TO DO: Read the records below and copy each line that contains "Custom".

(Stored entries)
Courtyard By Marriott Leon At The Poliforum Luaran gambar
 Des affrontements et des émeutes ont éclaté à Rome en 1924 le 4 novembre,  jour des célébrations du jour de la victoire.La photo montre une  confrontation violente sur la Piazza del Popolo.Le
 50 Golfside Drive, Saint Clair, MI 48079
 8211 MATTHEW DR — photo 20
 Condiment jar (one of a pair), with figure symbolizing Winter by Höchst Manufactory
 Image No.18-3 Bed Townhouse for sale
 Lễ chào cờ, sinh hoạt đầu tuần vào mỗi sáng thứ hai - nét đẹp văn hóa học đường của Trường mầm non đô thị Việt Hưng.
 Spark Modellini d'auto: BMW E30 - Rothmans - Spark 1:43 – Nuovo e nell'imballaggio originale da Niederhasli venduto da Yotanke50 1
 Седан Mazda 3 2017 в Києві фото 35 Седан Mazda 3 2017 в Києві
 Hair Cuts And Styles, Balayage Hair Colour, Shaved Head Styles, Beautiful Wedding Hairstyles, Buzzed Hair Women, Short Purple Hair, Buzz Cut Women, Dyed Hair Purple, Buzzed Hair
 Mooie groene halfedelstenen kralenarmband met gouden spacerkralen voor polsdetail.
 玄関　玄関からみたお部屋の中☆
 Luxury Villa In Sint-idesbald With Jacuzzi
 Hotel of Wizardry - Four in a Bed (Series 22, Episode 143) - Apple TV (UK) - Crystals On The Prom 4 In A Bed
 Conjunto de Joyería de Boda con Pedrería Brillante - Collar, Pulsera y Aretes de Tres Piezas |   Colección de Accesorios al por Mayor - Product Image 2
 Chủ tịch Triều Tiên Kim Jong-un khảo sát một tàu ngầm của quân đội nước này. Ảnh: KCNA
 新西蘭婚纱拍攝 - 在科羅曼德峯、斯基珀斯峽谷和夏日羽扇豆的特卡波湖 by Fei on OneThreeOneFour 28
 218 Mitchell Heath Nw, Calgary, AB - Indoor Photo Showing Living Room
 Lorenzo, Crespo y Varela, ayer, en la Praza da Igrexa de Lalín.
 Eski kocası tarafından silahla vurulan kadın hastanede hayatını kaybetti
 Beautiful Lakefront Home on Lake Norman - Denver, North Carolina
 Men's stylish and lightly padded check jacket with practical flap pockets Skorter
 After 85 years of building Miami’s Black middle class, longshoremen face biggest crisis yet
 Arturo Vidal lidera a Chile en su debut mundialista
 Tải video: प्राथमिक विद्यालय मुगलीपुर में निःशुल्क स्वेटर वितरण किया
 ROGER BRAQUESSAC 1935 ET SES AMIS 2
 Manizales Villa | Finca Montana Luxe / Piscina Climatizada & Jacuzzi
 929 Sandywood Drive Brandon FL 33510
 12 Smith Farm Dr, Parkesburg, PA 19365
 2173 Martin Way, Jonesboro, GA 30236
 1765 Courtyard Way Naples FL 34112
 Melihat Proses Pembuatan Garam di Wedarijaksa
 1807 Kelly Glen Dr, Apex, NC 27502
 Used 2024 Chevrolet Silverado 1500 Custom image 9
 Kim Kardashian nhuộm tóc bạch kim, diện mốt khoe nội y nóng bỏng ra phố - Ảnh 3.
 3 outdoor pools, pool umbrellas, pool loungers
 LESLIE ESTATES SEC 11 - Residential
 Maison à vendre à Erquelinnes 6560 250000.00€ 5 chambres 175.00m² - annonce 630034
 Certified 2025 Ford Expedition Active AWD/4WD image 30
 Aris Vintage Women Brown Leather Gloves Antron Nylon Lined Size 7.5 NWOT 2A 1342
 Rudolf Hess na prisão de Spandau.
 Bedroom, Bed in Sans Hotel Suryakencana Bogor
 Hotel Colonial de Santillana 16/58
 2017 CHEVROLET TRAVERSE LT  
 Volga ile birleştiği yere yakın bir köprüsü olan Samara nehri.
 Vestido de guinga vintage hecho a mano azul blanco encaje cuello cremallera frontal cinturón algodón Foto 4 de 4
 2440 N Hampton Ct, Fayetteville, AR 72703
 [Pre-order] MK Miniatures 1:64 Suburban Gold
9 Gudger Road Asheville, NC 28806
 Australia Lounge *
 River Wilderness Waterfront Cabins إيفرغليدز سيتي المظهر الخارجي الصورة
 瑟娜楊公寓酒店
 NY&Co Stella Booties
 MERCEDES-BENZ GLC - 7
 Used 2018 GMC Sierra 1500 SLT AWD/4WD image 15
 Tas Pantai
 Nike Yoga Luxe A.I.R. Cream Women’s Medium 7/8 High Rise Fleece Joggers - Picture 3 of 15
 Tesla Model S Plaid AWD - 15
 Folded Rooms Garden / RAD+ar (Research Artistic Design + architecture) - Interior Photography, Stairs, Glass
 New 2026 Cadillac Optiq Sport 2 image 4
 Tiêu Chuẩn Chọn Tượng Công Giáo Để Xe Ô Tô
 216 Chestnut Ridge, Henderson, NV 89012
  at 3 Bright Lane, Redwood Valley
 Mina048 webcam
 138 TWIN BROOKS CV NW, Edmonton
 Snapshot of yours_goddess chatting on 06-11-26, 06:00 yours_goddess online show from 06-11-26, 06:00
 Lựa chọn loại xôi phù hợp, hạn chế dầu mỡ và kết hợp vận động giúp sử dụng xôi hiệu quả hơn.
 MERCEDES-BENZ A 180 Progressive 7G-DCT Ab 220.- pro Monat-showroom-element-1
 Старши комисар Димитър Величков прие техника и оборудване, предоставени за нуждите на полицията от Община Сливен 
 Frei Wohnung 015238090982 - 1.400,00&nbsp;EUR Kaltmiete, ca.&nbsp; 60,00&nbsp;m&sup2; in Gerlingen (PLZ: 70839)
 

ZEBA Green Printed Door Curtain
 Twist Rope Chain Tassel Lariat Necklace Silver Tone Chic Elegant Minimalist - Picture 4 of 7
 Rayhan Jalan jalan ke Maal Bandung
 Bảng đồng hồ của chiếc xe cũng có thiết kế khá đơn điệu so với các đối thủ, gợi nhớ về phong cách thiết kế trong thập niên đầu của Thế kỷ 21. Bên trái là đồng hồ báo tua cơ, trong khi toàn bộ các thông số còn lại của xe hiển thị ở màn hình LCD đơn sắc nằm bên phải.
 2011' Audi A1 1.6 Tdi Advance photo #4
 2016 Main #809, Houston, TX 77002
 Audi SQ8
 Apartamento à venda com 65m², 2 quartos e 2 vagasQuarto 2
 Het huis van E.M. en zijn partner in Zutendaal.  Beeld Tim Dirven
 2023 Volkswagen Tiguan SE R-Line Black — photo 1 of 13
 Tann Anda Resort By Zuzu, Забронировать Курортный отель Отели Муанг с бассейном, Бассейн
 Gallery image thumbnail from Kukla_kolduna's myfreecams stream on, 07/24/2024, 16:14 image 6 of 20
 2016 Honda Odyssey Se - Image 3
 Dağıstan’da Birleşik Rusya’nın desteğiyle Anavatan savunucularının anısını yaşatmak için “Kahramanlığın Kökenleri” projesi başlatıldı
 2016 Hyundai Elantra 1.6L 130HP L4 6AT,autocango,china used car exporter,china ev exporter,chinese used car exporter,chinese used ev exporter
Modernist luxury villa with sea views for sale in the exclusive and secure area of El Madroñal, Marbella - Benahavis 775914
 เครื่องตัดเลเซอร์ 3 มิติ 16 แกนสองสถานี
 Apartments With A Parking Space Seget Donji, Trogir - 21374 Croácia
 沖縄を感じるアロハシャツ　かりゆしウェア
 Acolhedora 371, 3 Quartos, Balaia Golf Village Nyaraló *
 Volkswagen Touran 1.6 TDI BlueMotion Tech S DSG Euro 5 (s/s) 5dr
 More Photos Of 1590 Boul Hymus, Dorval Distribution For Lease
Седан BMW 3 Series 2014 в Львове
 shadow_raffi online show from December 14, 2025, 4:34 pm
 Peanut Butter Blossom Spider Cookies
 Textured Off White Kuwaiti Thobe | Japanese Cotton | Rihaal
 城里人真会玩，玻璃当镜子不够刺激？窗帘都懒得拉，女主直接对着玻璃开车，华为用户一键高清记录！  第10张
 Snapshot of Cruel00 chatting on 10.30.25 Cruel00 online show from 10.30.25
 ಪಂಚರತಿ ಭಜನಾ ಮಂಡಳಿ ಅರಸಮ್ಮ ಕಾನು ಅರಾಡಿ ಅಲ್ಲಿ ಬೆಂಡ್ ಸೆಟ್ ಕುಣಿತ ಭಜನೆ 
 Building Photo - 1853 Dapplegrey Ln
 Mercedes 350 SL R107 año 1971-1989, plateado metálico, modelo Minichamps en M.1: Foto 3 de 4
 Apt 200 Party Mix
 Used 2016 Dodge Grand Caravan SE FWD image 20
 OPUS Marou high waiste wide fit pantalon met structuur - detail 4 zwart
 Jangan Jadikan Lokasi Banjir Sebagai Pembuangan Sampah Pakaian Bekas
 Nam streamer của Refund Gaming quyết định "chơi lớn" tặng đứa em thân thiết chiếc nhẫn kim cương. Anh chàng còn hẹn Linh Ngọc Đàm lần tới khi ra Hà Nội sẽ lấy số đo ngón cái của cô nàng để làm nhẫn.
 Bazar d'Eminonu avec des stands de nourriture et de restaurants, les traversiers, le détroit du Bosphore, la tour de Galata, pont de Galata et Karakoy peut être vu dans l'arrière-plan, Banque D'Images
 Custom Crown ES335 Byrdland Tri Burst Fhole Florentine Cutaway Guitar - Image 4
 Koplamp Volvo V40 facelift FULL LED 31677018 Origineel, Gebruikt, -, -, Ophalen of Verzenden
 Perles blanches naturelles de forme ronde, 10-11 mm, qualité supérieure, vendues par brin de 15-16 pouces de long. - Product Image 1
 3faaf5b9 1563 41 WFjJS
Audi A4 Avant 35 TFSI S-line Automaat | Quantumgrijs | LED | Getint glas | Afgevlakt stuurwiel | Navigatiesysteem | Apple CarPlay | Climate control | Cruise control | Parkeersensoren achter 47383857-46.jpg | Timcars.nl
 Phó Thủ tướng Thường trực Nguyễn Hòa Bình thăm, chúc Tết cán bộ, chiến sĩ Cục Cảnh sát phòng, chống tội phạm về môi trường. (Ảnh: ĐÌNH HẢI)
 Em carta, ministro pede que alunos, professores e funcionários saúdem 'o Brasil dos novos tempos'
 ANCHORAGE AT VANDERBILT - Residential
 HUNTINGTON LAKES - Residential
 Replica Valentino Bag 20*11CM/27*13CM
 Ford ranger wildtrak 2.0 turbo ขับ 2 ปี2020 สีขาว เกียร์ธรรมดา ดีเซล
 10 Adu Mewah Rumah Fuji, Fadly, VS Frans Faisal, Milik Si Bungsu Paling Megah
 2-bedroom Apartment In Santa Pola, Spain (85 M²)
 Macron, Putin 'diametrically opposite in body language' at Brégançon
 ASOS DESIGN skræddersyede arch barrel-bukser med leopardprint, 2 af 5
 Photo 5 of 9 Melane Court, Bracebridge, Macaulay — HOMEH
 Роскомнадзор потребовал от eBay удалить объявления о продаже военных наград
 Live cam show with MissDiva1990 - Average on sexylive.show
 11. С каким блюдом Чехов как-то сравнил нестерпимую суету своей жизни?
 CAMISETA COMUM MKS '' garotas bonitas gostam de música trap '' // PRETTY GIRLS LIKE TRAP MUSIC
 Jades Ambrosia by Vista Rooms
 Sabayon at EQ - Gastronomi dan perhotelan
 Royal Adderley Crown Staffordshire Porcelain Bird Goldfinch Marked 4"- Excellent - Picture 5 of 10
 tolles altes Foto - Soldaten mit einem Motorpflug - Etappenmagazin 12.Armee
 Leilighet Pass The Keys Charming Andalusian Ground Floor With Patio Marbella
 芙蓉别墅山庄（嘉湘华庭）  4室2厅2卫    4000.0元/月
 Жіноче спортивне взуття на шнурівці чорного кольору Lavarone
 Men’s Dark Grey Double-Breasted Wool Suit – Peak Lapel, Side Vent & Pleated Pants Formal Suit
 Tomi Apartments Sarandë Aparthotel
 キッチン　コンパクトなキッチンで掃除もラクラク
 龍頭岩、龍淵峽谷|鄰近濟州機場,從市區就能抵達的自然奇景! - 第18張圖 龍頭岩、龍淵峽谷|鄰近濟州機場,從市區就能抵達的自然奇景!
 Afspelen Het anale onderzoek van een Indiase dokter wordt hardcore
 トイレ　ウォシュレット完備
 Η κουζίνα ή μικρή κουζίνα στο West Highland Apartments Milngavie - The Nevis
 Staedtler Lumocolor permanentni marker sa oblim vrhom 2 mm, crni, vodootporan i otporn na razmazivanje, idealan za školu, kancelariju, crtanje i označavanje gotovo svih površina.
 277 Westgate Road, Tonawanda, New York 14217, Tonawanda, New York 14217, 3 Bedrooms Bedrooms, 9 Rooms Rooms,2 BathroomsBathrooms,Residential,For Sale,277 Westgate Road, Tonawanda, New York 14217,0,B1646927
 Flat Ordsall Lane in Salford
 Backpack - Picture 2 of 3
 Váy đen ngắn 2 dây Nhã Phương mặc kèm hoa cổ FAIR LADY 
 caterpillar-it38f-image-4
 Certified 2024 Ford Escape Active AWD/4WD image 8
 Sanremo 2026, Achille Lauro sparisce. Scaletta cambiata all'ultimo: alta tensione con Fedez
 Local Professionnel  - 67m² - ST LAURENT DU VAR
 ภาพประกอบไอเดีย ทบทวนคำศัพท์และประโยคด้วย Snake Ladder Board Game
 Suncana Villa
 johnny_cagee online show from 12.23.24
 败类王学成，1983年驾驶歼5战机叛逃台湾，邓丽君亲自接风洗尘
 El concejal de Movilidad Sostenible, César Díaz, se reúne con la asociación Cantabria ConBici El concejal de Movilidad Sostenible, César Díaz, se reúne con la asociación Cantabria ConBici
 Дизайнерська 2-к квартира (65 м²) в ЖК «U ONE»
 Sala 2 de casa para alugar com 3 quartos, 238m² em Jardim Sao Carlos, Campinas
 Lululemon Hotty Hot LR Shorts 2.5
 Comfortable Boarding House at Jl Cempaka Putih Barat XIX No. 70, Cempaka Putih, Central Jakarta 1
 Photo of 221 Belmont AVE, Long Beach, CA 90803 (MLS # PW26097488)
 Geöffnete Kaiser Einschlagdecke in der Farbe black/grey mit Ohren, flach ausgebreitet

RESPONSE TO THE EXERCISE:
 Used 2024 Chevrolet Silverado 1500 Custom image 9
 Custom Crown ES335 Byrdland Tri Burst Fhole Florentine Cutaway Guitar - Image 4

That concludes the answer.